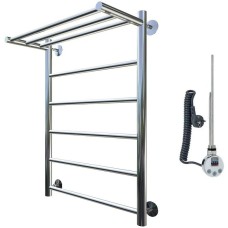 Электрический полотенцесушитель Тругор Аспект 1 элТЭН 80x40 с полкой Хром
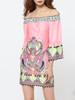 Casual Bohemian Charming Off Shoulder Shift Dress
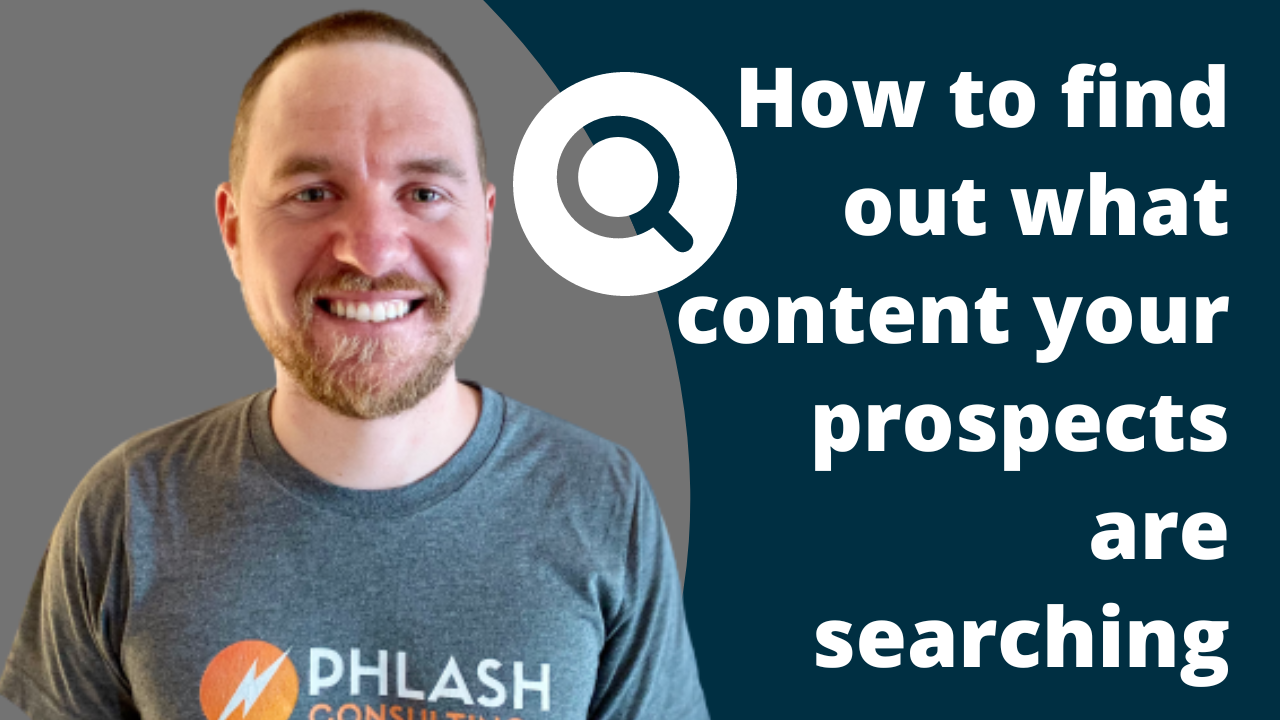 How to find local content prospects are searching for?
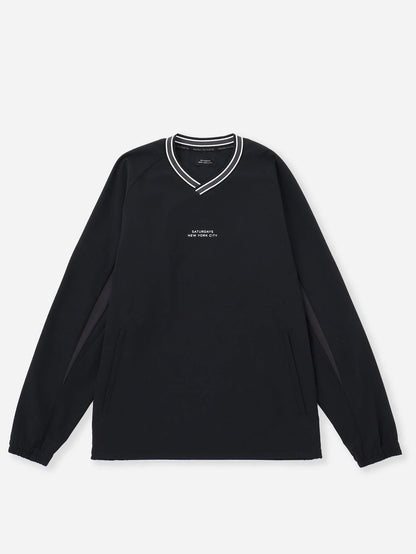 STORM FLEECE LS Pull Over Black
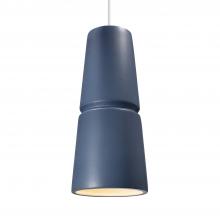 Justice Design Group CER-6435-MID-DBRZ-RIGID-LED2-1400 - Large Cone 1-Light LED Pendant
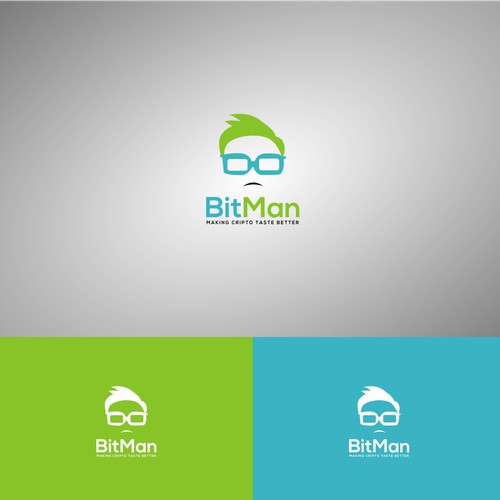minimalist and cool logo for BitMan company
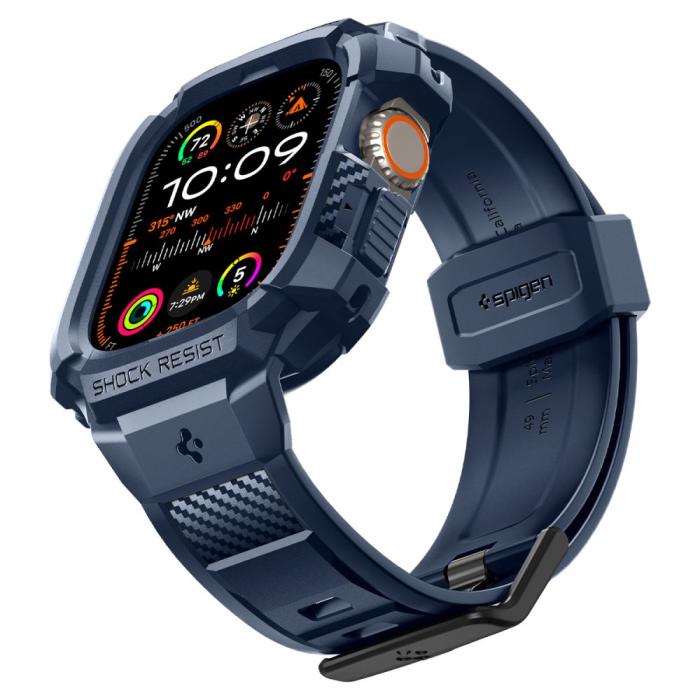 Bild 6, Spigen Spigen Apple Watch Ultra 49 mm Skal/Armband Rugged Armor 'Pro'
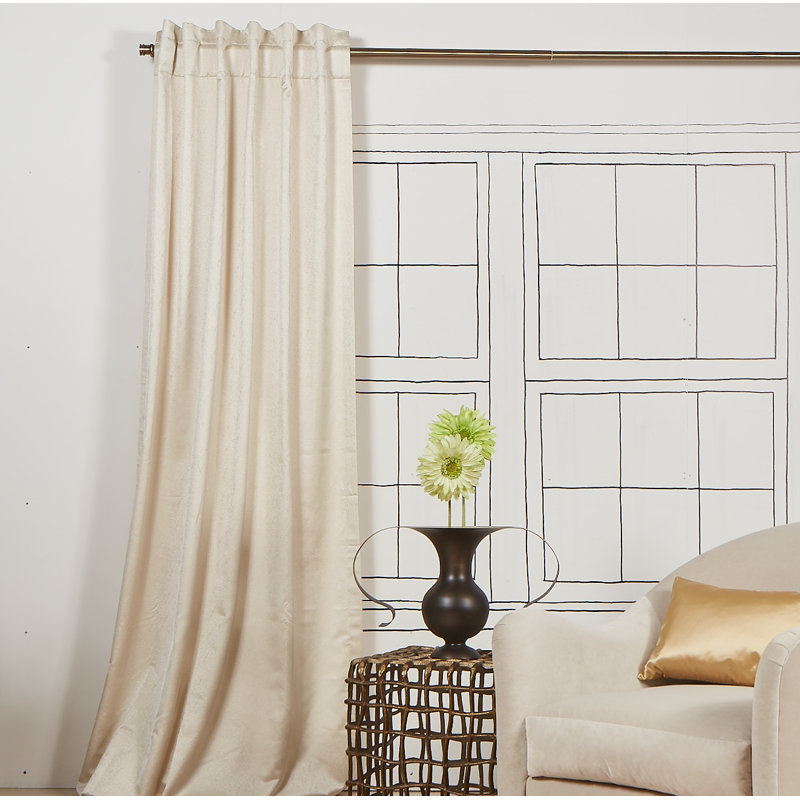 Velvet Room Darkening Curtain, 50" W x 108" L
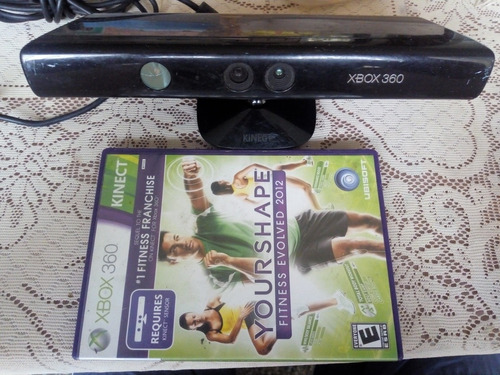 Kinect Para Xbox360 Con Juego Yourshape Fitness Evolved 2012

== == ==

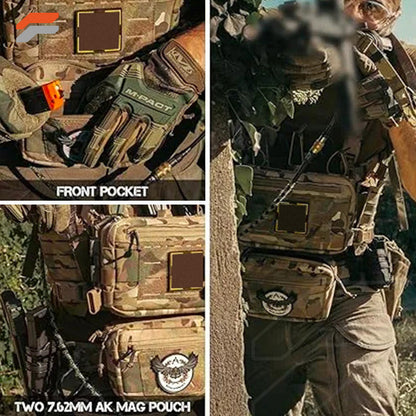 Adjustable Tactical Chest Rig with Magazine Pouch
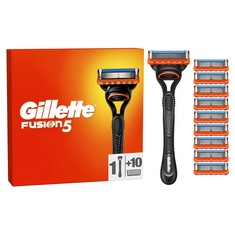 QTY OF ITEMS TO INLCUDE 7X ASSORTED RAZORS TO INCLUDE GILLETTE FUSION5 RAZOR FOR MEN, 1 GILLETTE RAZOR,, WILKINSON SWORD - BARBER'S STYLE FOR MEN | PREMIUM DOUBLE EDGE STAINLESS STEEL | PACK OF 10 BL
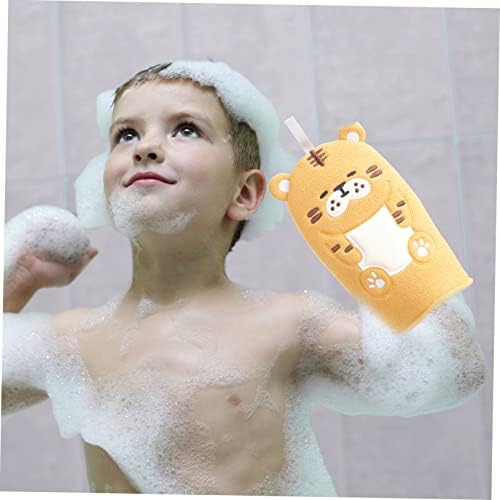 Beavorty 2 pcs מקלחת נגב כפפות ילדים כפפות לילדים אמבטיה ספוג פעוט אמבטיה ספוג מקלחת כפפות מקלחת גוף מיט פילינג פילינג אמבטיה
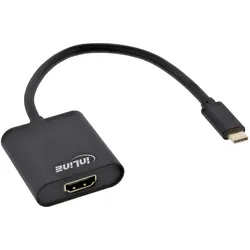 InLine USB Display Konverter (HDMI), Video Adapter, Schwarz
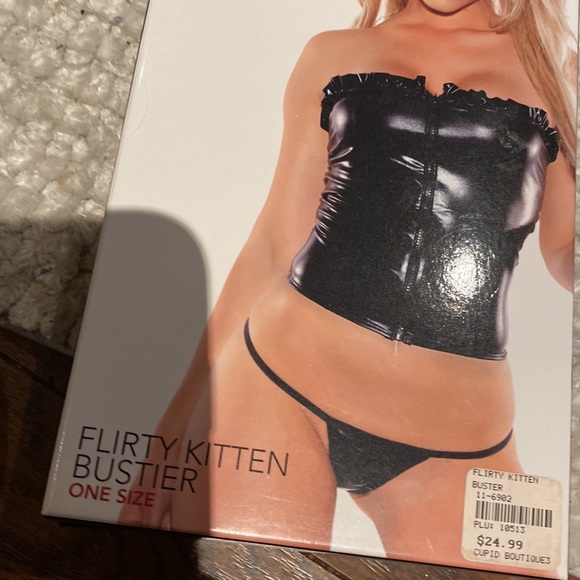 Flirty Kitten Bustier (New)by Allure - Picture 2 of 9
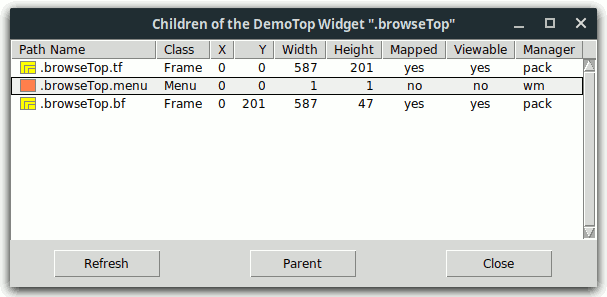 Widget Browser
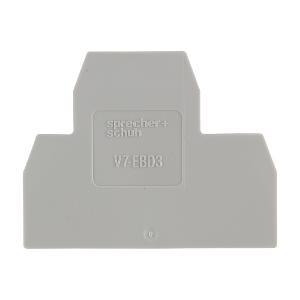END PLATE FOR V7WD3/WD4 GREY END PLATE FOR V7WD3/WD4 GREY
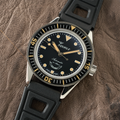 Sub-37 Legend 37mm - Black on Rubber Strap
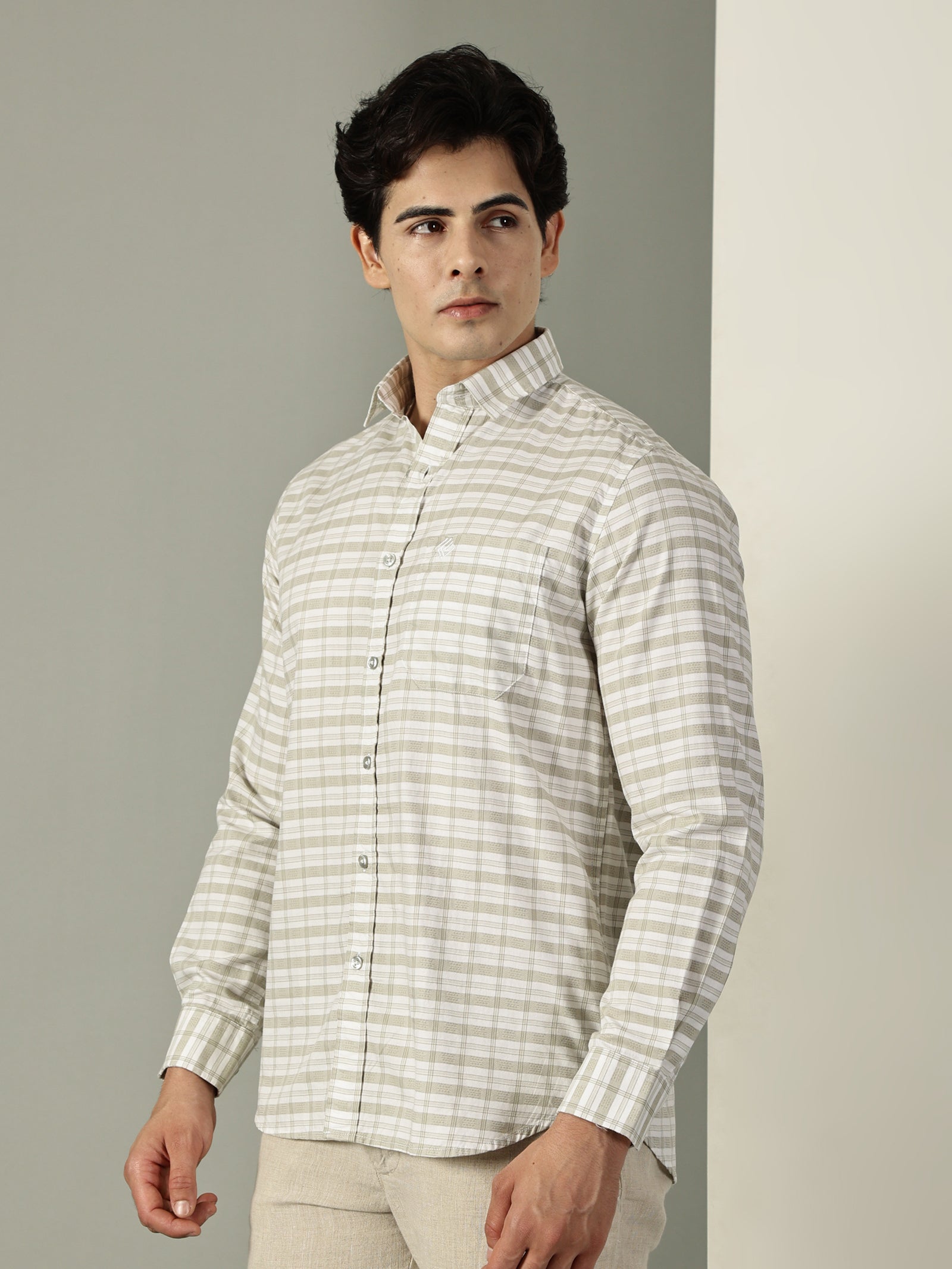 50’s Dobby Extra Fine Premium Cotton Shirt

== == ==

DESCRIPTION OF THE TASK: Print, word for word, the lines above that run from the line containing "Электрический полотенцесушитель Тругор" to the line containing "Kinect Para Xbox360", both included. Keep the pictures out.

ANSWER SECTION:
 Электрический полотенцесушитель Тругор Аспект 1 элТЭН 80x40 с полкой Хром
 Casual Bohemian Charming Off Shoulder Shift Dress
 How to find local content prospects are searching for?
 STORM FLEECE LS Pull Over Black
 Justice Design Group CER-6435-MID-DBRZ-RIGID-LED2-1400 - Large Cone 1-Light LED Pendant
minimalist and cool logo for BitMan company
 Bild 6, Spigen Spigen Apple Watch Ultra 49 mm Skal/Armband Rugged Armor 'Pro'
 Velvet Room Darkening Curtain, 50" W x 108" L
 Kinect Para Xbox360 Con Juego Yourshape Fitness Evolved 2012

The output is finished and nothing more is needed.